Generally in life, we normally try to escape uncomfortable emotions. The Dark Clown work has an exercise where course participants do what I call Dark Side Play, where they do a kind of Lazy Susan exercise (an inner circle facing an outer circle). (The outer circle does the exercise and rotates to a fresh partner after each turn.) Those doing the exercise are all given a Marginalised Emotion* to portray (to pretend into). The 'do-ers' have three aims 1/ to create 'a believable verisimilitude of pain and distress' 2/ to employ as many of the comedy crafts as they can remember to employ in the service of 3/ making their partner access Troubled Laughter. Emotions worked include (among others) panic, dread, grief and shame.


When I reach Red Nose Clown, I mention proprioception. I may need a more precise word - science friends, please email me! What I mean is when a spontaneous moment of play has created a sound, gesture, timbre, rhythm, phrase-length that has caused laughter. I encourage students (course participants) to develop the hunger to grow the sense-ability to take an inner snapshot so that they can reproduce what they just did. Then it can be tried again, impartially, like a scientist. Possibly, they might employ the rule of three. No harm if they don't - they can practice the 'fail', accept their emotions of the moment, or just be the presence of that new moment (play the ball where it lies) breathe, await the incoming impulse, and do something else from there - it's all good for the Clown. 

This skill, or understanding of being able to feel what is manifest in your body and voice in the moment, this 'knack', once learned in Red Nose mode, can be employed in Dark Clown mode. To create Troubled Laughter, the Dark Clown performer must nurture the audience's responses and seek to stimulate and recreate laughter where possible (by recreating the physical/vocal/energetic moment which caused the laugh in the first place. It is important in Dark Clown that the duplicated sound appear to be reproduced 'involuntarily': 'The amygdala made me do it', as it were.** Why? Because, in order to keep the audience 'on the hook', the Dark Clown must sustain the 'truth' of the situation (by situation I meant the Imagined Predicament).
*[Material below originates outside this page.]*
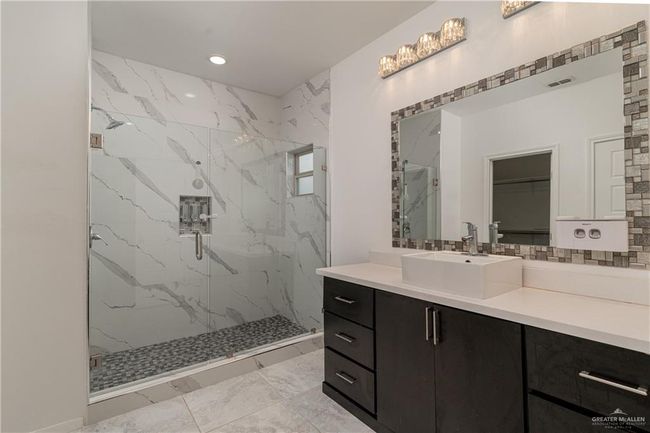 211 N 17 Th St, House other with 4 bedrooms, 3 bathrooms and 2 parking in Hidalgo TX | Image 11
So there is this practice to emulate, to portray and to do this over some duration - to stay in the discomforting emotions. This is in pursuit of creating the Implication of the Audience and the Troubled Laughter. But it may just be that this exercise has, incidentally, a further (or bonus) value.

When I first encountered Clowning with Philippe Gaulier (alongside John Wright, John Lee, Phelim McDermot, Rick Kemp, and Annie Griffin) - many of us had a crunch moment. It was totally new, this being exposed, defences down, the 'bide', the 'fail', the 'shit in the pants'. The very thing that one normally wishes fervently to avoid. After Gaulier, sometime in the late 80's/early 90's I attended a workshop in Stand-up. Ivor Dembina stomped into the room where all the chairs were stacked and we, the participants were standing about. Ivor said, 'When you make me laugh, you can sit down.' Discomfort, pricking cheeks, a soupçon of fear. But I thought: 'Oh, this. This is ok. I have been here before.' And I was able to work, to try.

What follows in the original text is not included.